Furthermore, we performed Gene Ontology (GO) and Kyoto Encyclopedia of Genes and Genomes (KEGG) enrichment analysis on six overlapping genes. GO enrichment analysis showed that the differentially expressed genes in the CC samples were primarily enriched in biological processes, including tissue development, extracellular structure organization, and wound healing (Fig. 4A). The KEGG enrichment analysis revealed that the differentially expressed genes in the CC samples were primarily enriched in signaling pathways, including ECM-receptor interaction, Human papillomavirus infection, and Focal adhesion (Fig. 4B). The results above indicate that we identified six genes closely associated with cervical cancer through WGCNA co-expression and differential analyses.
Machine learning is vital in disease gene screening, specifically utilizing LASSO and random forest algorithms
Subsequently, the expression levels of the six genes in the GSE192804 dataset were extracted, and a multivariate Cox study with LASSO regression was conducted. This analysis identified five disease-associated genes, namely ACOX2, IL-24, SPP1, CRYAB, and ANKRD22 (Fig. 5A-B). In addition, we utilized the random forest algorithm to assess gene importance, identifying IL24 as one disease-associated gene (Fig. 5C). Finally, by performing the intersection, we identified a single gene associated with cervical cancer: IL-24 (Fig. 5D). Based on the results above, we have successfully identified the genes associated with cervical cancer.

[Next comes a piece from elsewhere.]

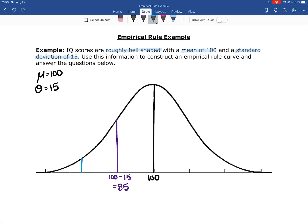Two standard deviations below the mean: 100 minus two times 15 is 100 minus 30, which equals 70. So an IQ of 70 is two standard deviations below the average. Then three standard deviations below the mean: 100 minus 3 times 15 gives us 55.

hIL-24: A comprehensive study of the newly discovered multi-functional anti-cancer protein and its interaction with Siha cells
To further elucidate the impact of human IL-24 (hIL-24) on cervical cancer, an overexpression plasmid of hIL-24 (designated as pcDNA3.1 (+)-hIL-24) was constructed and subsequently transfected into Siha cervical cancer cells to evaluate its effects on their biological functions. MTT analysis revealed that Siha cells' average optical density (OD) value in the pcDNA3.1 (+)-hIL-24 plasmid group decreased to 1.0127 compared to the transfection reagent and empty vector groups. This finding highlights the crucial role hIL-24 in inhibiting the growth of Siha cells (Fig. 6A; Table 1).
Furthermore, cell migration experiments demonstrated an inhibitory effect of hIL-24 on the migration ability of Siha cells. The average number of migrated cells in the pcDNA3.1 (+)-hIL-24 plasmid group was 105, markedly lower than the other groups (Fig. 6B, Fig. 7A, and Table 2). Further invasive experiments confirmed that overexpression of hIL-24 substantially reduced the invasiveness of Siha cells. The invasive ability of cells transfected with pcDNA3.1(+)-hIL-24 plasmid was the lowest, with an average of 90.5 cells (Fig. 6C, Fig. 7B, Table 3).
Finally, flow cytometry analysis revealed an increase in the apoptotic rate of Siha cells upon treatment with hIL-24. The pcDNA3.1 (+)-hIL-24 plasmid group showed an apoptotic rate of 12.81% (Fig. 6D; Fig. 7C; Table 4). These comprehensive data strongly suggest that human interleukin-24 (hIL-24) inhibits the growth, migration, and invasion ability of Siha cells and promotes apoptosis in these cells. This result demonstrates the tremendous potential of hIL-24 in the treatment of cervical cancer.